The gold market is experiencing a consolidation which is deemed necessary by analysts, down from the last 6-year high, but many experts believe that the rally is destined to continue.
Gold prices came under pressure after Federal Reserve bankers tried to manage expectations before the next monetary policy meeting in July. Investor expectations for a 50 basis point cut in the next FOMC have declined since Governor Jerome Powell hinted that the central bank will not overreact to a short-term sentiment fluctuation. August gold futures were traded at $ 1,407.6 an ounce yesterday, down -0.28%. The question is whether the gold rally is destined to continue even in the coming weeks.

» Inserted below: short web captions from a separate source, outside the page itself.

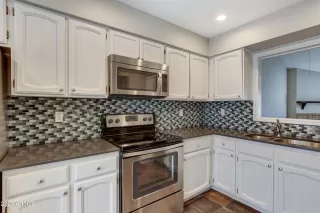 Photo #6: 6204523 Listing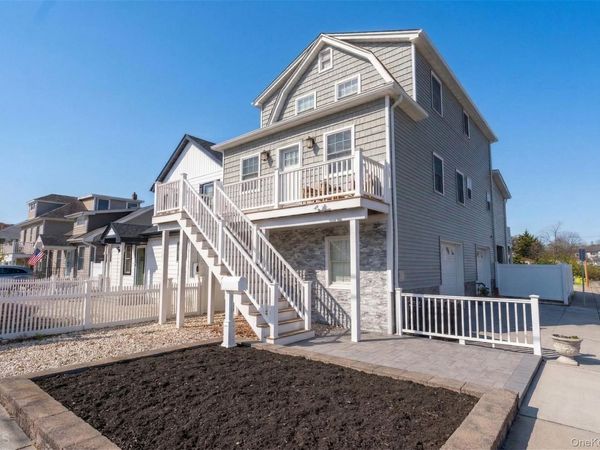 36 West Boulevard, East Rockaway, NY 11518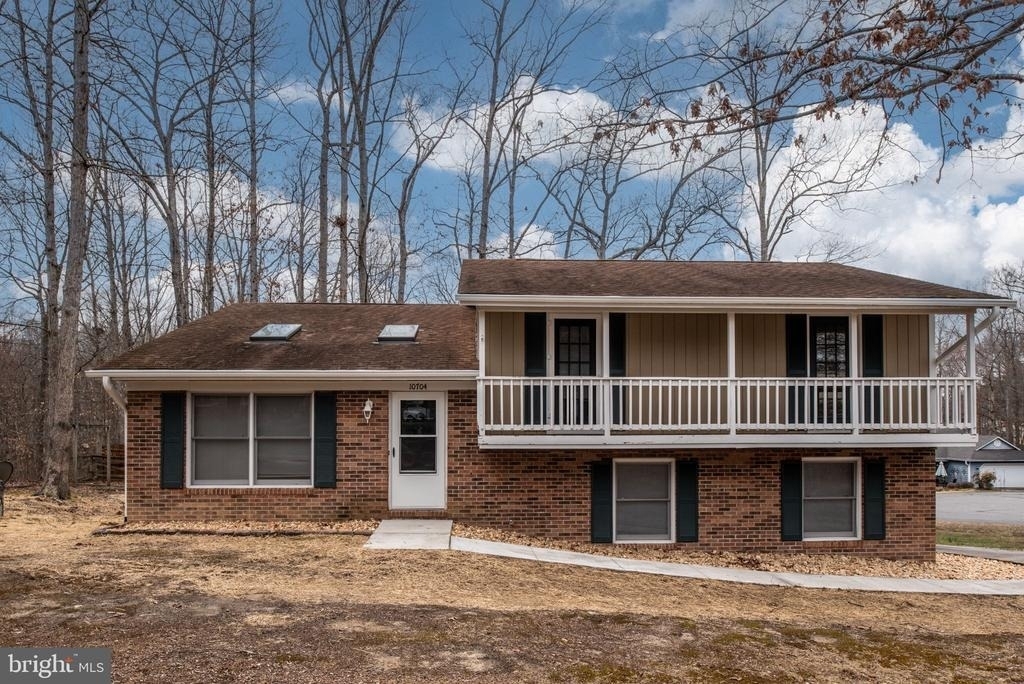 10704 Whiperwhill Court N - Photo 42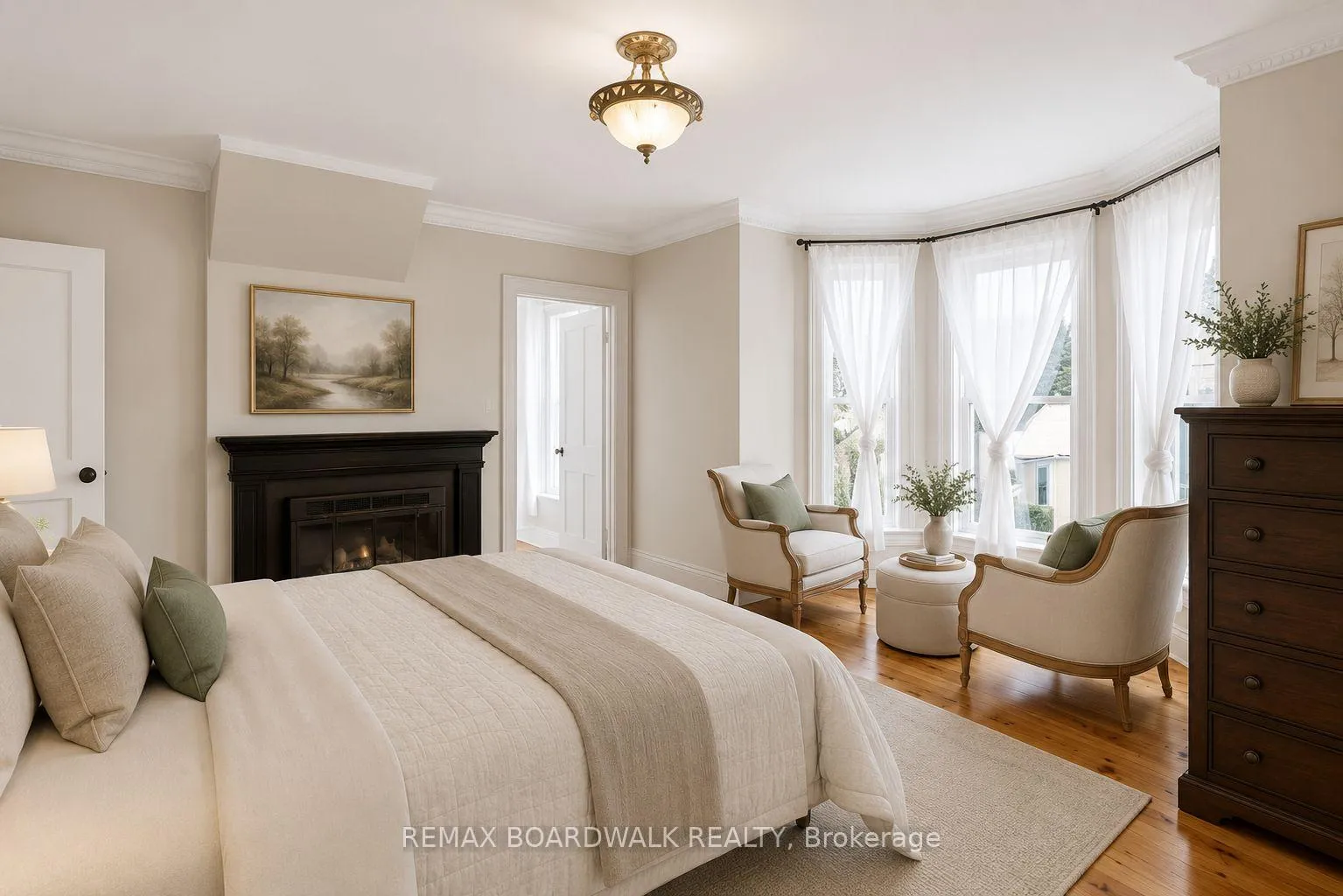 Photo 13 of 11 Alfred Street, Smiths Falls — HOMEH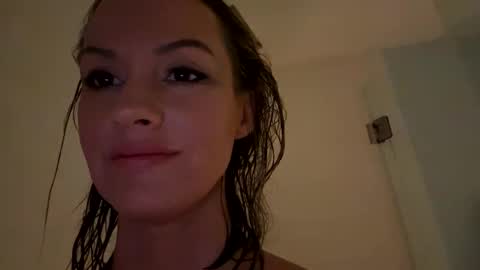 Snapshot of mmmmyesplease1 chatting on 12-17-24, 04:00 mmmmyesplease1 online show from 12-17-24, 04:00
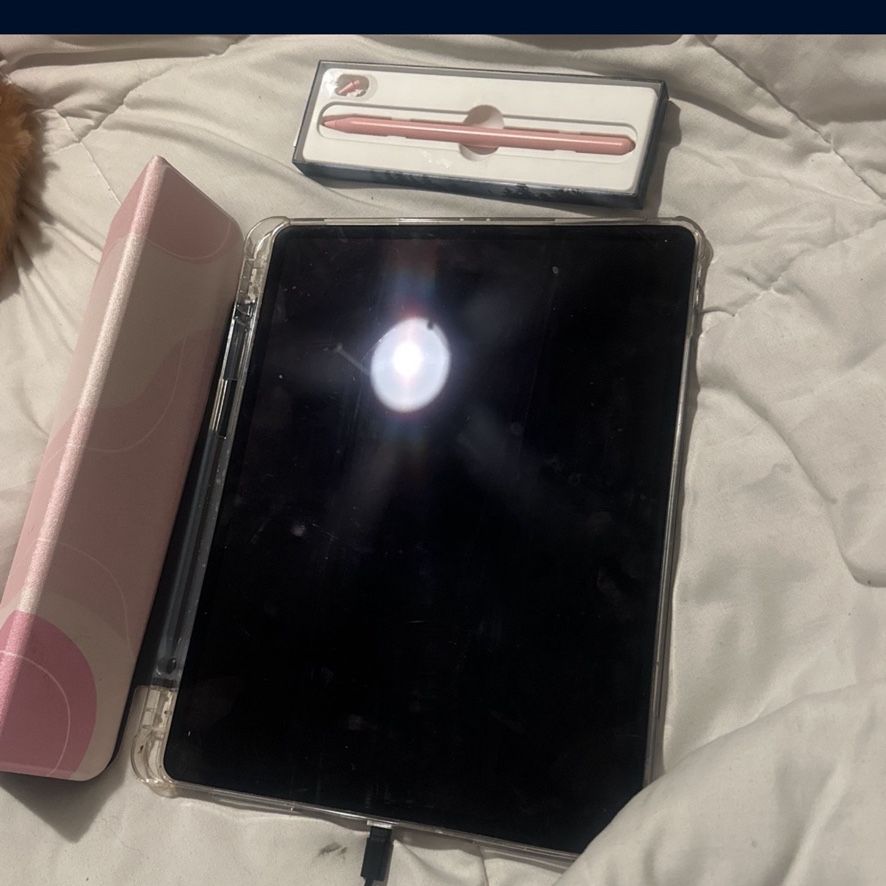 2018 12.9inch iPad. Comes With Pen And Charger 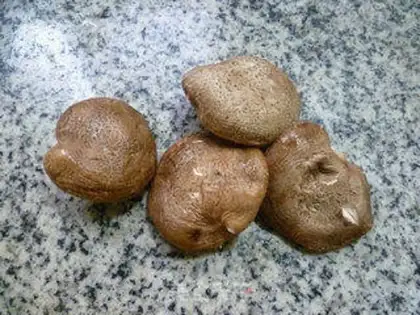 Make Fry mushrooms step 1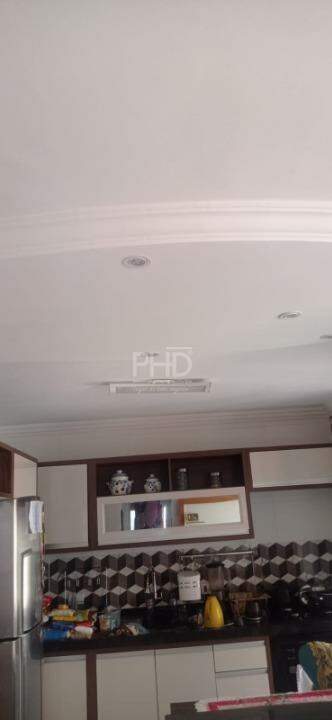 Apartamento à venda com 2 quartos, 65m² - Foto 10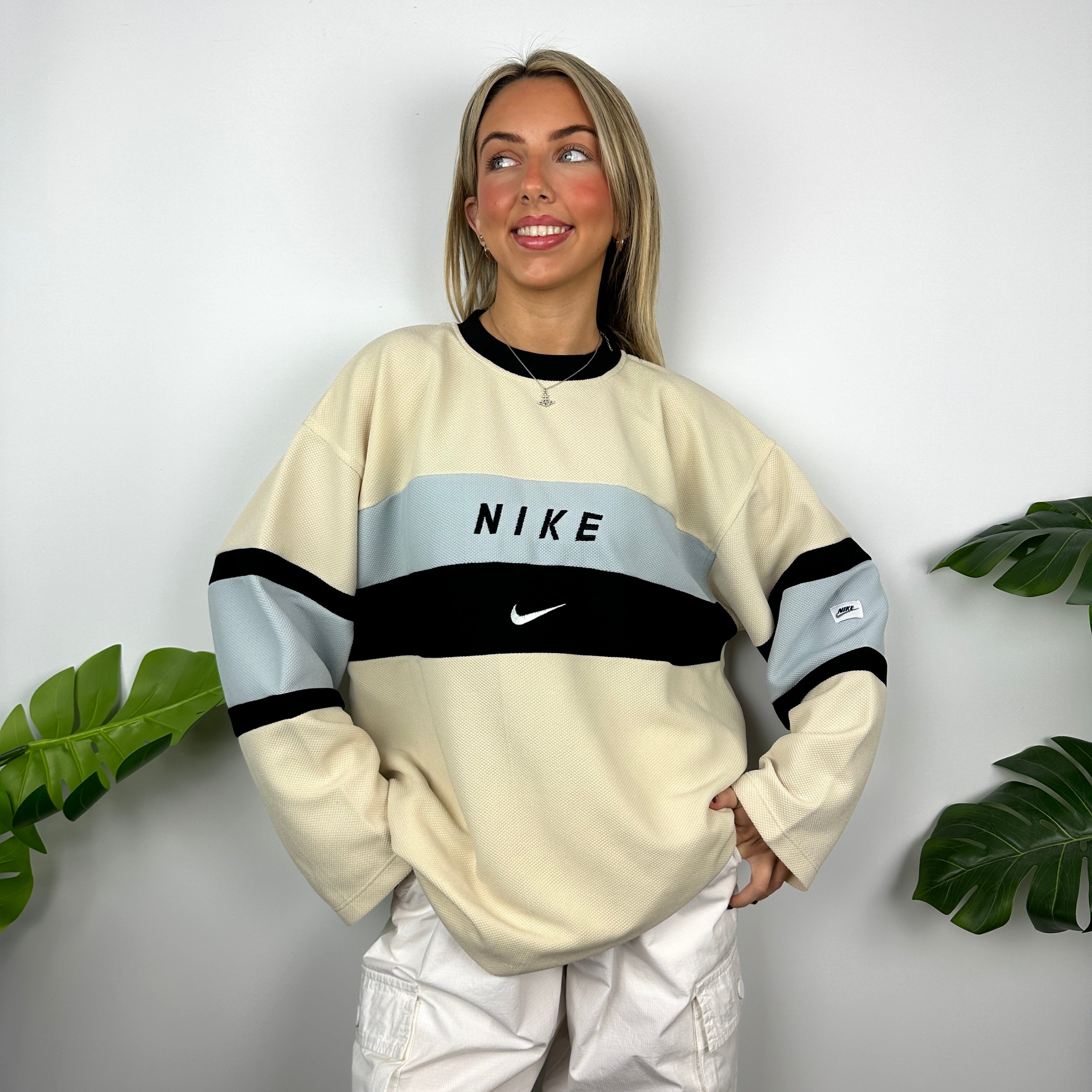 Nike Cream Embroidered Spell Out Sweatshirt (XXL)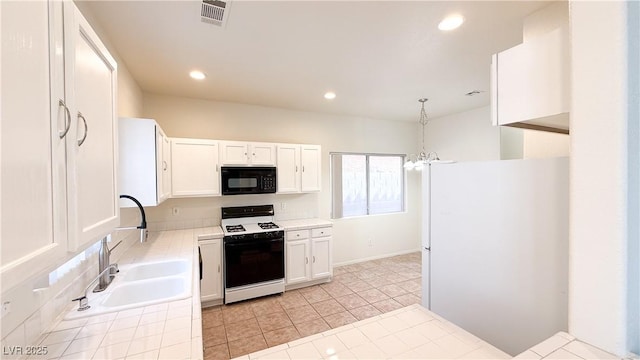 5933 Royal Castle Ln, Las Vegas, NV 89130 - photo 8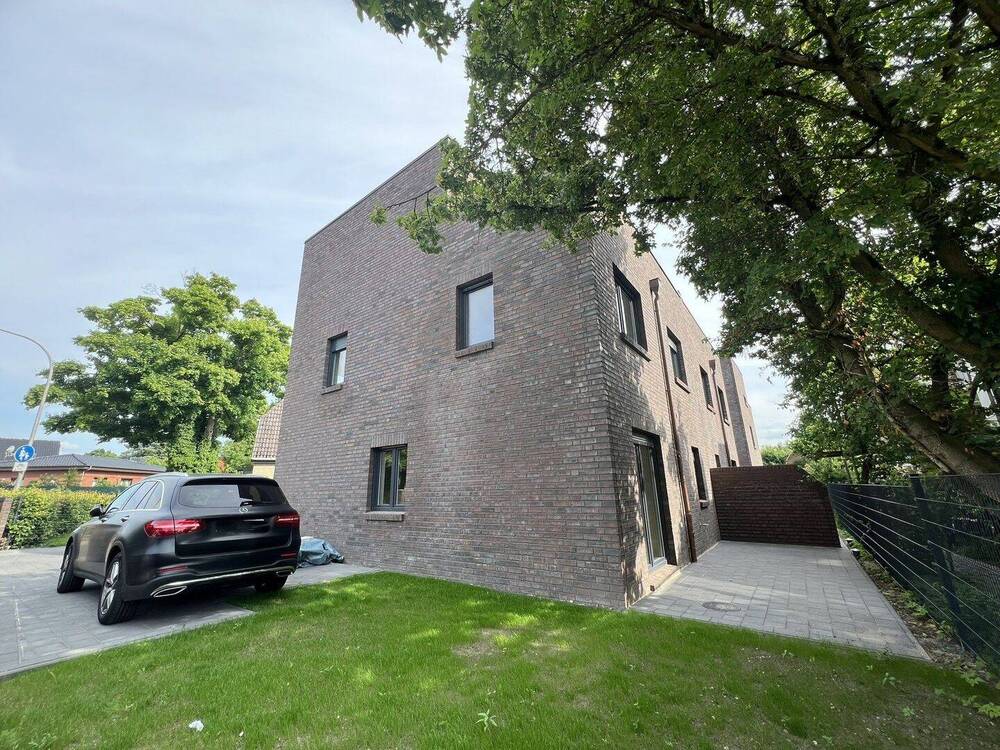 Thumbnail-Neubau (2025) –Zweitbezug: wunderschöne 5,5 Zi. Stadt-DHH mit Dachterrasse, Wärmepumpe, Photovoltaik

From a technical analysis point of view, gold must support the $ 1,380 threshold, a significant resistance over the past four years. On the upside, prices face an initial resistance of $ 1,485 and $ 1,585 an ounce, both representing critical retracement levels compared to 2011 highs.
The strength of gold appears to be justified by the context of falling global bond yields. Last week, the value of the global debt with a negative yield rose to a new record of $ 13 trillion. The combination of lower interest rates, falling bond yields and the potential for a weaker dollar are the main causes that can drive the gold rally forward.
Although the Fed is trying to manage expectations, Powell’s latest comments have not moved the big picture much: the market continues to expect expansionary monetary policy stimuli. The market firmly believes that the economic risks of the ongoing trade war between the United States and China will force the Fed to react more strongly and faster than it said.